Data Start Marker
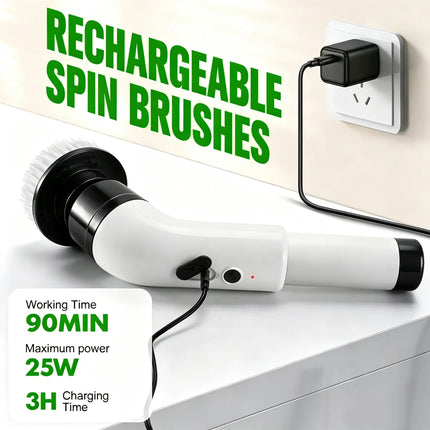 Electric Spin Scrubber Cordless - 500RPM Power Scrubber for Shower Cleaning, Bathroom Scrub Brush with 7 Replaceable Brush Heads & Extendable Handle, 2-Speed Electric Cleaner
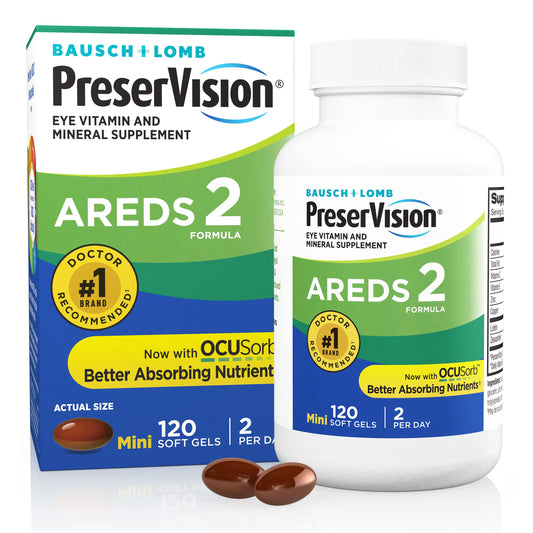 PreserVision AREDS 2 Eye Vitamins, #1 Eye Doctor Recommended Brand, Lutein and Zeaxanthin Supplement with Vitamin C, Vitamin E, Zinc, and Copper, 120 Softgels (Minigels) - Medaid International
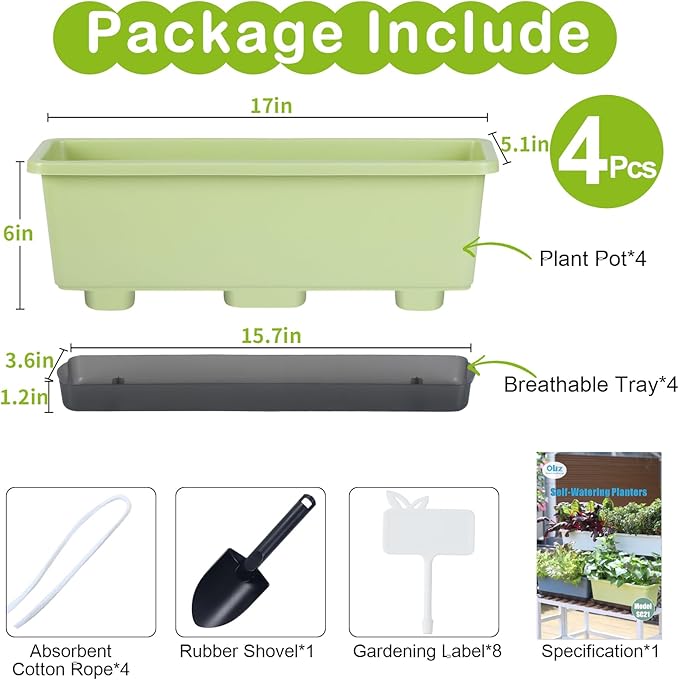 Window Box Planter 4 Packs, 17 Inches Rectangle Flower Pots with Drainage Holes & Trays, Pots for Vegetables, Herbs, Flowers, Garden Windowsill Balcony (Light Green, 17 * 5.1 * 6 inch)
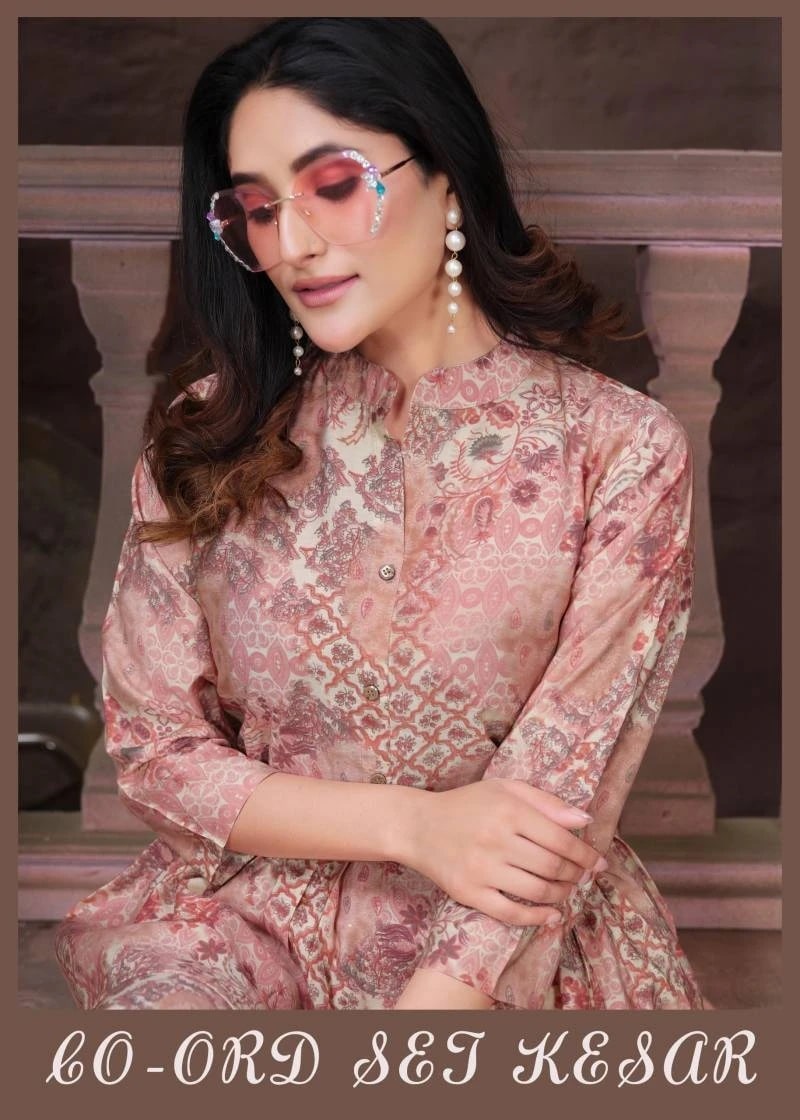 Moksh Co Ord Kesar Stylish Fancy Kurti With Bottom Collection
Data End Marker
Data Start Marker
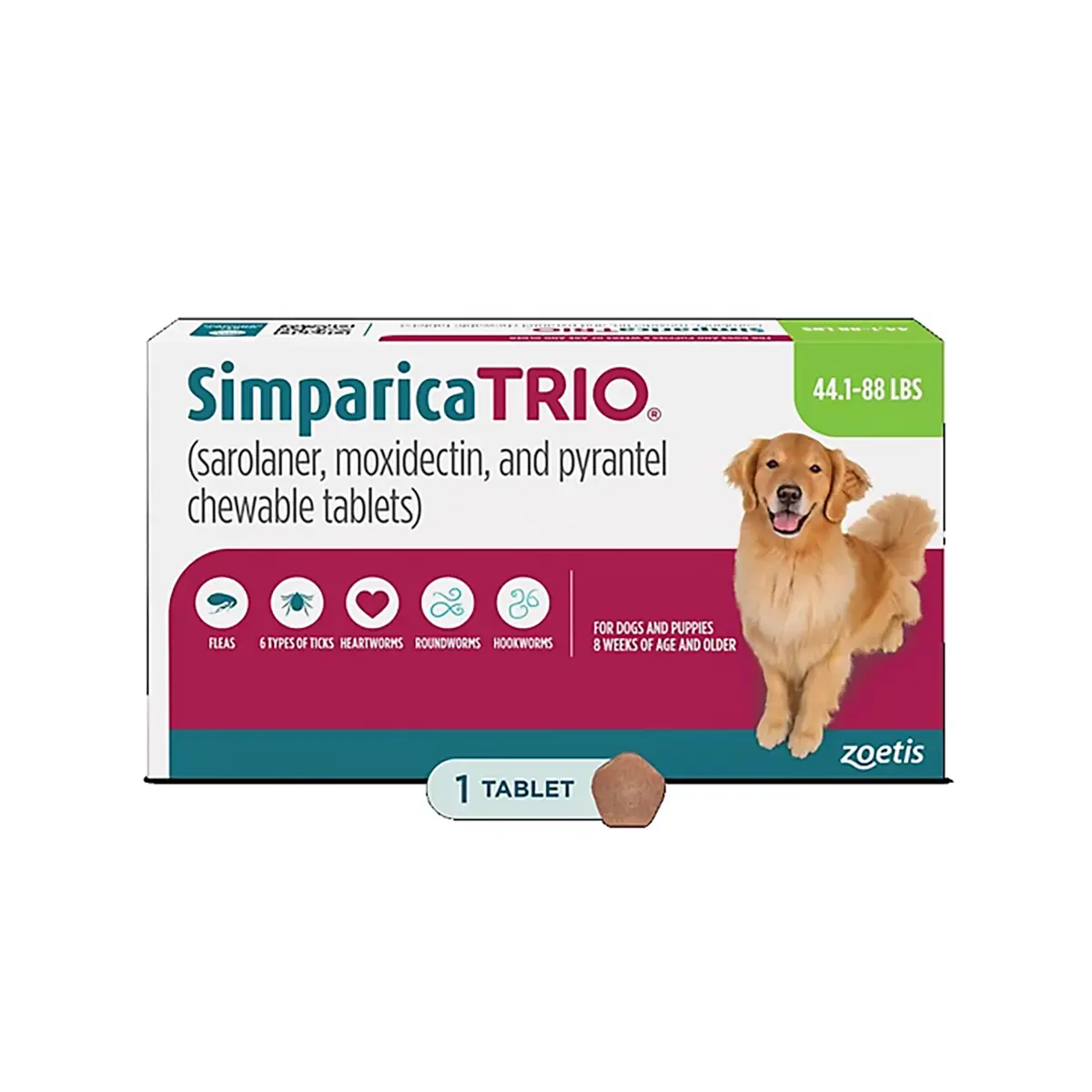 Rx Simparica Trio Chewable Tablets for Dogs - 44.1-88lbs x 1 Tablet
Data End Marker
» What the task asks: In the material above, which lines fall between the one holding "Window Box Planter" and the one holding "Moksh Co Ord", inclusive? Print exactly those, with the pictures left out.

» Expected answer:
 Window Box Planter 4 Packs, 17 Inches Rectangle Flower Pots with Drainage Holes & Trays, Pots for Vegetables, Herbs, Flowers, Garden Windowsill Balcony (Light Green, 17 * 5.1 * 6 inch)
 Moksh Co Ord Kesar Stylish Fancy Kurti With Bottom Collection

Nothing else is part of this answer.